Unfortunately, instead of accounting for this, some therapy programs try to push their clients into a linear and strict program where they are told they must complete A before moving to B; they must follow a certain protocol in order to achieve the desired results. One mother told me that a therapist said it was her son’s fault that he was not able to progress through their program. How does this make any sense? How can it be the child’s fault?

Does that mean that the therapy is “right” and the child is “wrong?”

There are as many different individual responses to therapy as there are individuals who engage in them. So, set-in-stone expectations are simply not useful or helpful.

Skill development or building function.

For some, the gap between progressive activities or exercises may be be too difficult to bridge, in which case it may be important to address other undeveloped areas or sensorimotor systems that are holding your child back. You see, if we look at therapy as simply skill development, the tendency is to break down the skill into its component parts. And the assumption is that those parts are so small, they must be doable and “easy” to accomplish. Just move through these easy steps and presto! But then what happens if even the tiny next step is too challenging? And, even if this does “work”, the individual may simply get good at doing that skill. My preference is to work towards functionality, not skill mastery. That way your child applies learning to all the various things he would like to be able to do, rather than simply having a repertoire of skills to apply. Therefore, a more effective therapy model is to focus not on the steps towards mastering a skill, but rather on the efficiency of the sensory and motor systems that support the ability to do the skill. This invites us to look at underlying sensory and motor systems that may not be seemingly directly involved in accomplishing the task but never the less may be preventing it or making it more challenging.

You may have also noticed that although your child is stuck at a prescribed activity in a linear progression, he might find the next one “above it” easier. If your child is then discouraged from even trying the next activity, he is held back for no good reason and he does not have the opportunity to see and appreciate his strengths. If we discard the linear paradigm and instead see individuals’ function as a unique constellation of interconnected sensory and motor systems, we see that there is no activity that is “above” another.

In some ways, this comes down to the idea of equitable vs equal

when learning new things, each individual gets what he or she needs, which typically looks more like the circuitous path in Figure 2 above rather than the straight line; not just the same thing that everyone else gets because that is the “right” way.

We’ve tried everything!

Given the number of times that I hear parents say, “I tried that and it didn’t work,” I would propose that a rigid, linear way of looking at and addressing issues with development and learning isn’t working. It’s time to try things another way.

 

The way we help individuals to reach their goals is by progressively building on the sensorimotor pathways that are directly involved in reaching the goals, while at the same time emphasising and developing supportive sensorimotor systems that may be holding things back. While this is in progress, it is important to address nutrition and gut health, because if the body and brain are not getting the nutrients they need, growing and learning is inevitably compromised.

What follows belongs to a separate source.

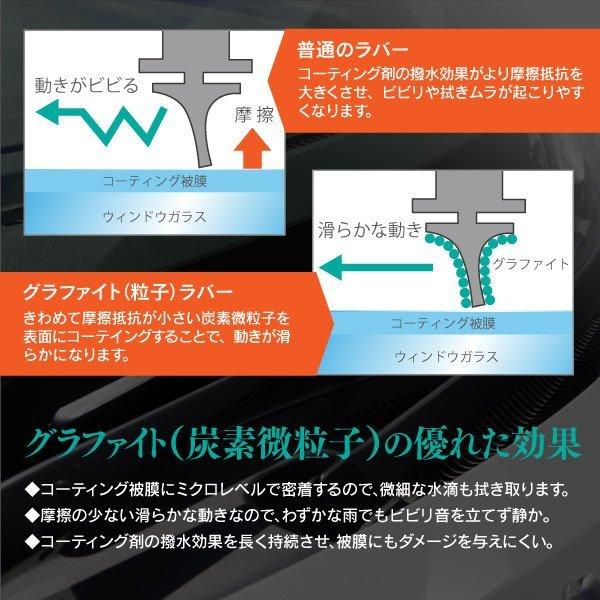 AZ製 ステップワゴン RP1 2 3 4 運転席：700mm 助手席：350mm エアロワイパー ワイパーブレード 2本 グラファイト加工 (S850) アズーリ｜azzurri｜05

And it is also important to address environmental factors, because if things in the environment are causing the individual to go into a fight, flight or freeze response, the most thoughtfully prepared program of activities will be less effective if effective at all.

This way, your child continues to make progress towards what he wants to be able to do.

Rather than having a set series of progressions as the only method of reaching a goal, I find it is much more effective to follow an organised plan that is flexible enough to address each individual’s unique constellation of interconnected sensorimotor systems.

We’ve worked with a lot of families! And even when the diagnosis is the same, even when what the person wants to be able to do is the same, the journey never is.